Unfortunately in our country, retirement planning is not given the due
importance that it deserves. While there is a lack of financial planning for
retirement discipline in India, the universe of retirement planning options is
also very limited. Traditionally employee provident fund, public provident fundand life insurance policies have been the
investment options commonly associated with retirement planning in India. All
these investments are seen as risk free investment, and retirement planning as
such in India is usually associated with these investments. These investments
also enjoy tax saving benefit under Section 80C of the Income Tax. However, there
are two other eligible investment options under Section 80C, which are more
suited to retirement planning especially for young investors. These are
the National Pension Scheme and Equity Linked Savings Scheme (ELSS).
In this blog we will discuss the best retirement planning investments for young
investors.
At the outset, we
should discuss the objective of retirement planning. The fundamental goal of
retirement planning is to achieve financial independence in your retirement
years and to be able to maintain your current lifestyle after retirement. If
you save a portion of your income and invest it, you should be able to
accumulate your retirement corpus. If you are young, you have the advantage of
saving and investing over a long period of time and therefore you will be able
to accumulate a bigger corpus. So what is the big deal? Let us walk through an
example with numbers and hopefully you will understand, it is not as easy as it
sounds. Let us assume you are 30 years old. You will retire at 60. Your current
income is र 10 lacs per year. Let us assume that,
your basic salary is 50% of your gross salary (it is usually in the 40% to 50%
range). You contribute 12% of your basic salary to Employee Provident Fund.

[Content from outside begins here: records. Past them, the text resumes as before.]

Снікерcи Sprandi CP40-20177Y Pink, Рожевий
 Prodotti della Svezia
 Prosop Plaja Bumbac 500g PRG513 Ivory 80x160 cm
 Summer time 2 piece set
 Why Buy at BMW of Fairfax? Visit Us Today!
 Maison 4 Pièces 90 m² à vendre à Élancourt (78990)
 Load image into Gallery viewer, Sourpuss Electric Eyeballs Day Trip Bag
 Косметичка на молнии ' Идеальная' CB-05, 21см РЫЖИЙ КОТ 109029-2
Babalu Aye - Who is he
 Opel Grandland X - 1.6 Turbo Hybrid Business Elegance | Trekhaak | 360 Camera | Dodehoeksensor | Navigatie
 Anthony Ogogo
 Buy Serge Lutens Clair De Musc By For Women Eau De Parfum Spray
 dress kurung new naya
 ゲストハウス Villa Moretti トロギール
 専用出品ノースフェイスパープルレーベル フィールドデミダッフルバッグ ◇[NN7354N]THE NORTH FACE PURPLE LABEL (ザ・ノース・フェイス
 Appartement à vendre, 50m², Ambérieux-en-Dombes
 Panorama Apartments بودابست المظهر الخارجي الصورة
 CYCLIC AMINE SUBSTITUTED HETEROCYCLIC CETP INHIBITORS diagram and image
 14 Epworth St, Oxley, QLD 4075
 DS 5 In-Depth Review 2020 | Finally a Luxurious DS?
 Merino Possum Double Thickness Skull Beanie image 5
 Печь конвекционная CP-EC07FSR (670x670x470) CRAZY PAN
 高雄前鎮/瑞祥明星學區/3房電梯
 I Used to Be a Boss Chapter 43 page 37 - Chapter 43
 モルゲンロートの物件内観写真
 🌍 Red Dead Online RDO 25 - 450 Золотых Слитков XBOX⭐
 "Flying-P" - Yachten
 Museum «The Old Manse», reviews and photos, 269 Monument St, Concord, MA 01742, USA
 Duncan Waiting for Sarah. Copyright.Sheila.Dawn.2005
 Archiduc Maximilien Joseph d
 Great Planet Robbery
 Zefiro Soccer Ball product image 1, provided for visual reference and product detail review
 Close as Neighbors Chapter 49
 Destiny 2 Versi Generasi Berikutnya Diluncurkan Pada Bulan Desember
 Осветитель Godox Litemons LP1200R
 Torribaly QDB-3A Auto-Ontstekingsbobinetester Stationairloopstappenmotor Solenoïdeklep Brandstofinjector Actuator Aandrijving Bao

Your employer makes a matching contribution. In addition, let us assume you
will save another 10% of your gross income for retirement planning. Let us
further assume that you get a salary increment of 10% every year. The chart
below shows how much you will save till your retirement.
If you get a return of
8% (compounded) on your savings, you will accumulate a corpus of र 8.1 crores at retirement. It is
impressive so far. Let us now see, how long this amount will last after your
retirement. Here we come back to one of the key objectives of retirement
planning, which is to maintain a certain lifestyle. Let us assume you want to
maintain the lifestyle you had towards the end of your working career. Assuming
you get 8% pre tax returns on your retirement savings, your corpus will last 10
years at best. It does not look that impressive any more. But it is about to
get worse, once we factor the ugly 9 letter word, inflation. Factor in 5%
inflation and your corpus only about 7 – 8 years. Retired lives can be as long
as 25 to 30 years. In this example, you are losing your financial independence,
even before you reach the half way stage of your retired life.
So what is the solution
You can save more
towards retirement. However, you will agree with me that it is easier said than
done. Inflation and taxes take out big part of our income. Home loan EMIs take
out another big chunk. Then you have other investment goals as well, like
children’s education, marriage etc. Saving more towards retirement is,
therefore, not always feasible. The solution lies in getting better
returns on your retirement planninginvestment and
that is the crux of this blog. If instead of 8% returns you get 15% returns,
your retirement corpus will last for around 20 years instead of 7 – 8 years. Is
it possible to get 15% return on your investment? The answer is yes. Let us
review the various retirement planning investment options under Section 80C.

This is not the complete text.